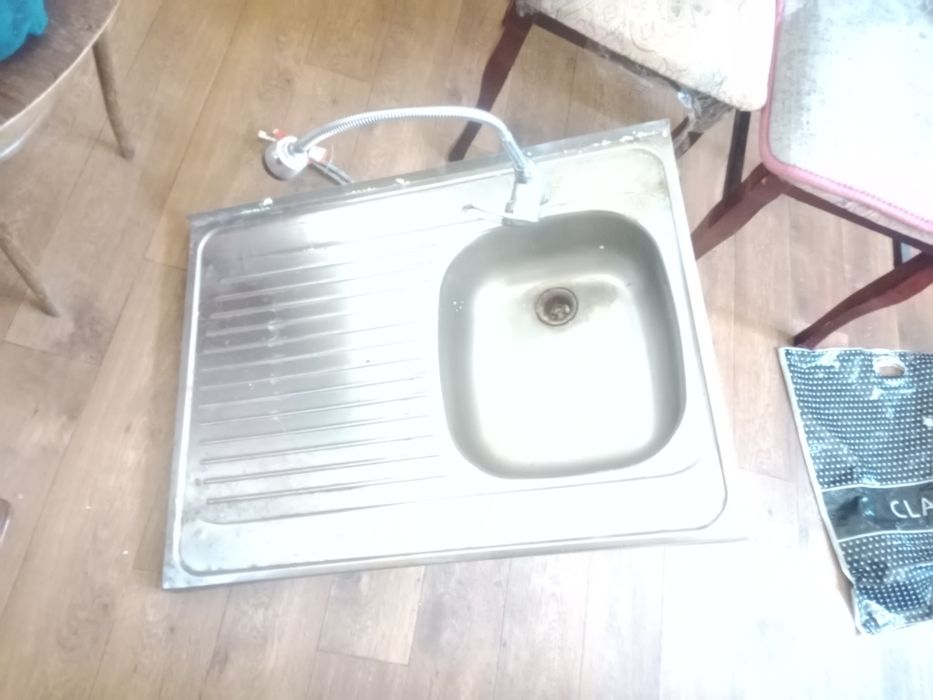Продаю раковину на кухню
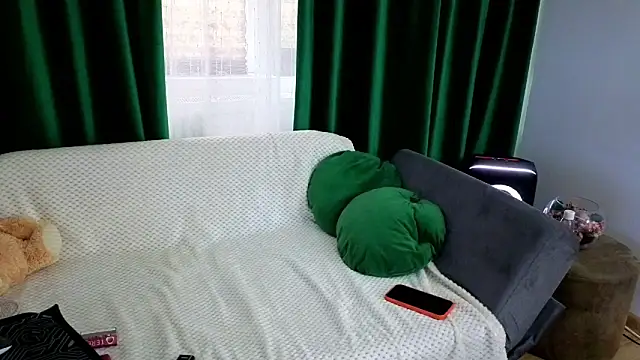 SweetAnia  online show from April 21, 2026, 11:16 am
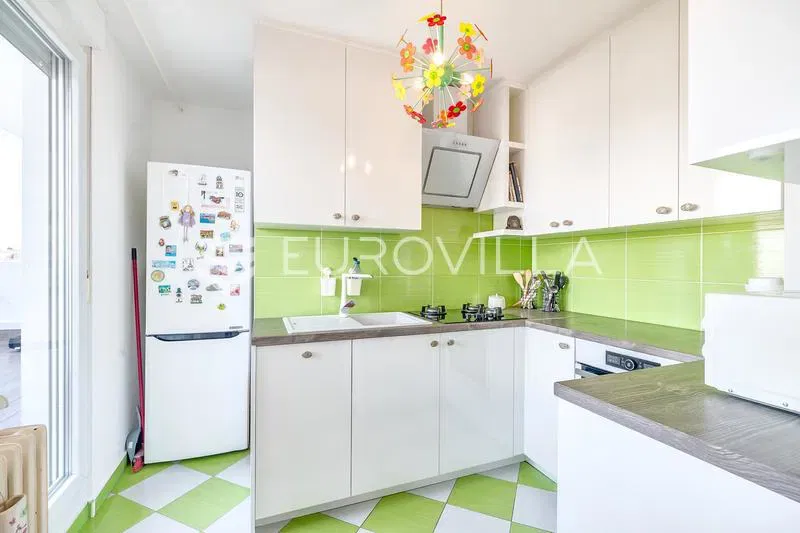 Lakás Travno – 3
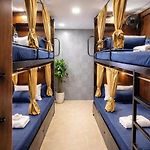 Bombay Stay Near Mumbai International Airport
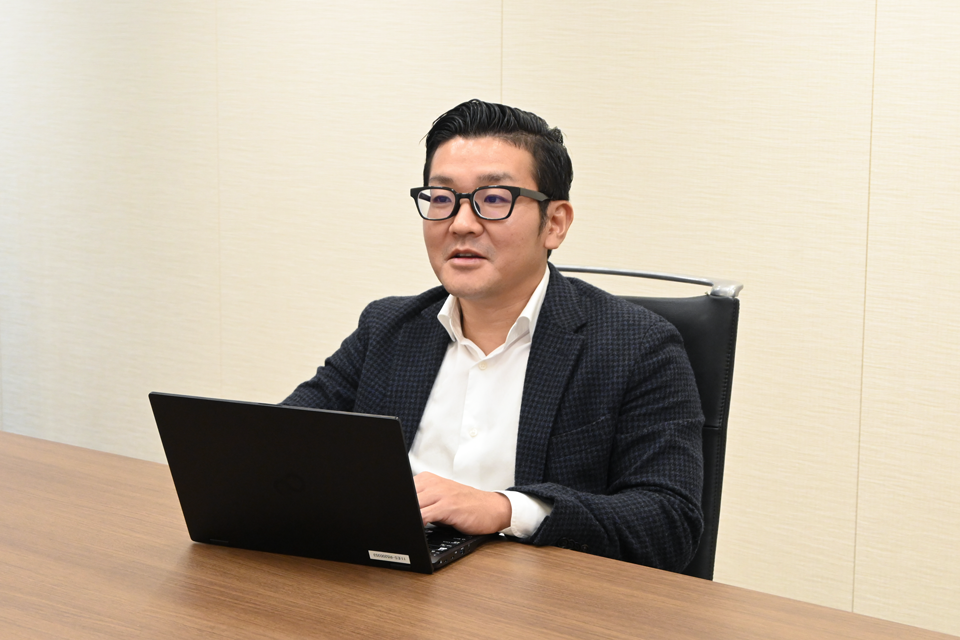 デジタル戦略部 次長 打田 大輔様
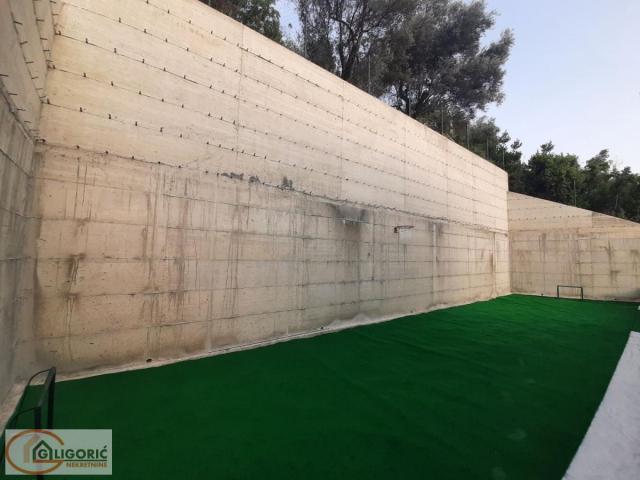 Meterizi-vila sa 11 apartmana-odlična investicija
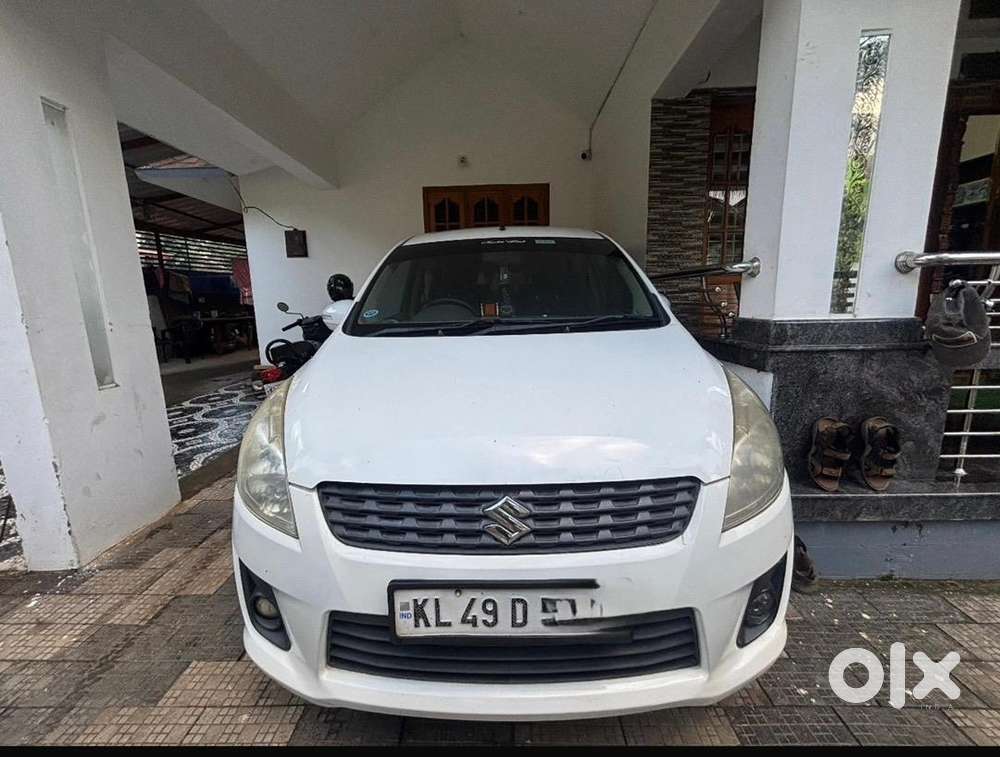Maruti Suzuki Ertiga 2012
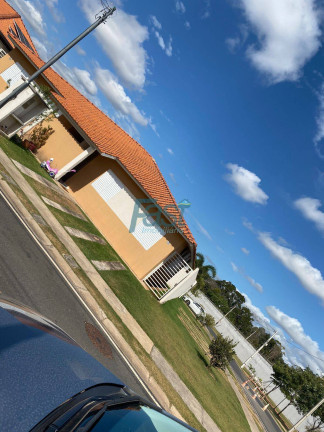 Imagem Casa de Condomínio com 3 Quartos à Venda, 130 m² em Jardim Imperial - Cuiabá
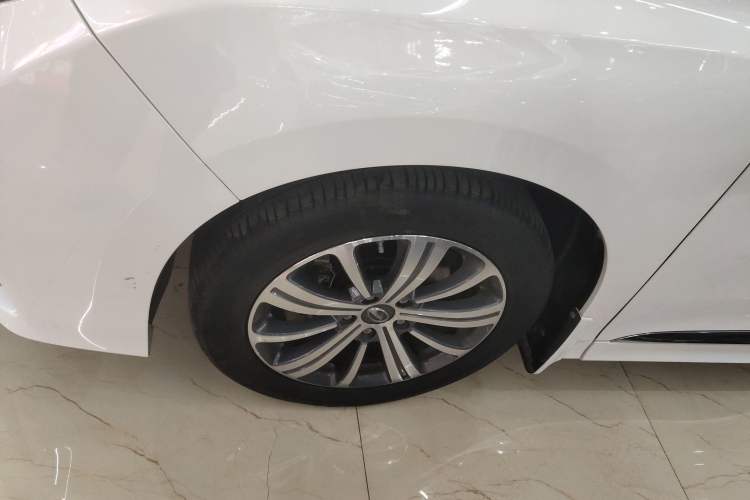 Used GAC Trumpchi M8 2020 Flagship Model 390T Supreme Edition Exterior 4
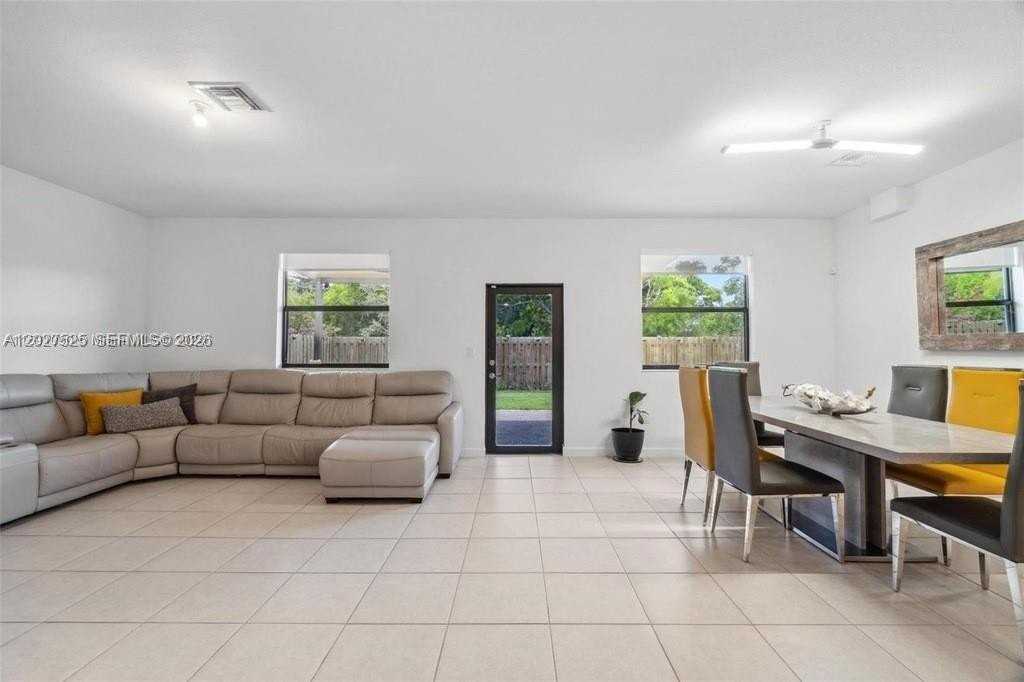 24242 Sw 119th Pl #0 - Photo 5 of 40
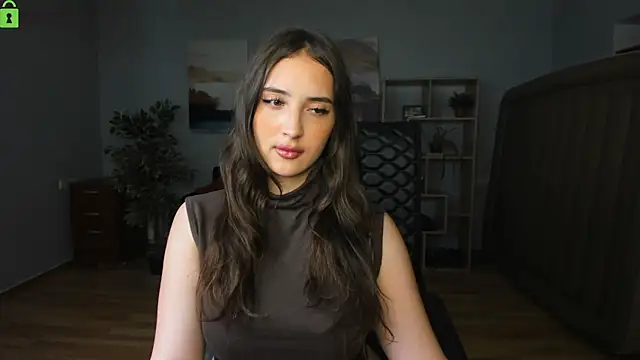 Snapshot of Effy_Royse chatting on 2, 7, 2026 Effy Royse online show from 2, 7, 2026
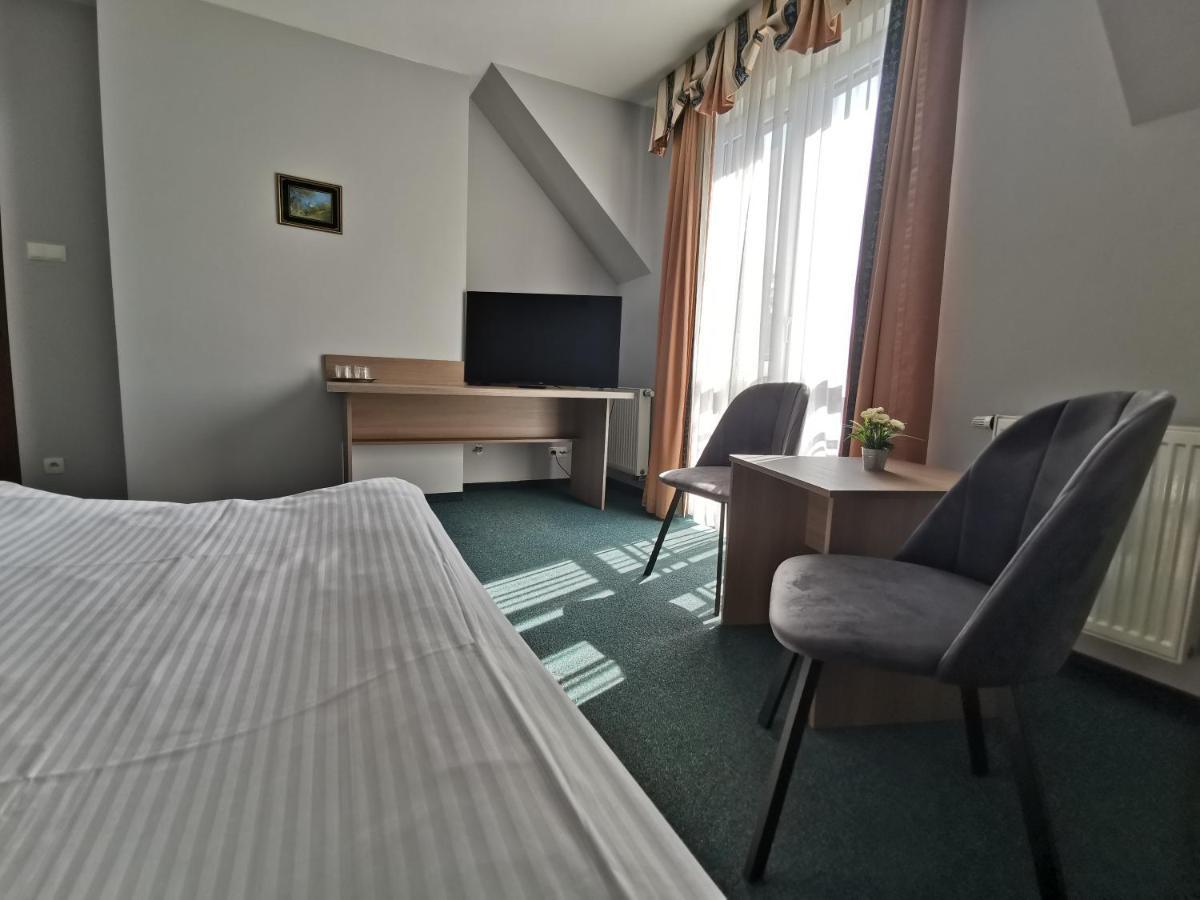 Hotel Zieliniec พอซนาน ภายนอก รูปภาพ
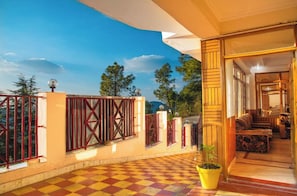 Terrace/patio - Hotel Mount Breeze Nainital (Nainital)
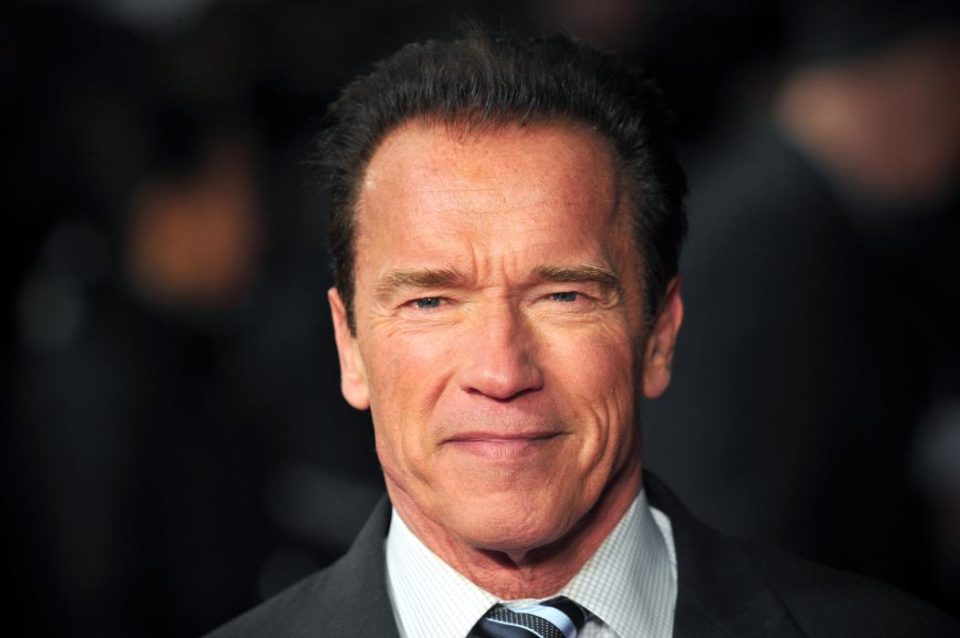 Schwarzenegger sai ileso de grave acidente de carro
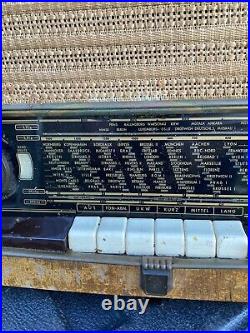 Vintage grundig tube radio? Type2012 estate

### DESCRIPTION OF THE TASK
Where an entry contains an image, skip the image and write out the rest exactly.

### WRITTEN RESPONSE
Продаю раковину на кухню
 SweetAnia  online show from April 21, 2026, 11:16 am
 Lakás Travno – 3
 Bombay Stay Near Mumbai International Airport
 デジタル戦略部 次長 打田 大輔様
 Meterizi-vila sa 11 apartmana-odlična investicija
Maruti Suzuki Ertiga 2012
 Imagem Casa de Condomínio com 3 Quartos à Venda, 130 m² em Jardim Imperial - Cuiabá
 Used GAC Trumpchi M8 2020 Flagship Model 390T Supreme Edition Exterior 4
 24242 Sw 119th Pl #0 - Photo 5 of 40
 Snapshot of Effy_Royse chatting on 2, 7, 2026 Effy Royse online show from 2, 7, 2026
 Hotel Zieliniec พอซนาน ภายนอก รูปภาพ
 Terrace/patio - Hotel Mount Breeze Nainital (Nainital)
 Schwarzenegger sai ileso de grave acidente de carro
 Vintage grundig tube radio? Type2012 estate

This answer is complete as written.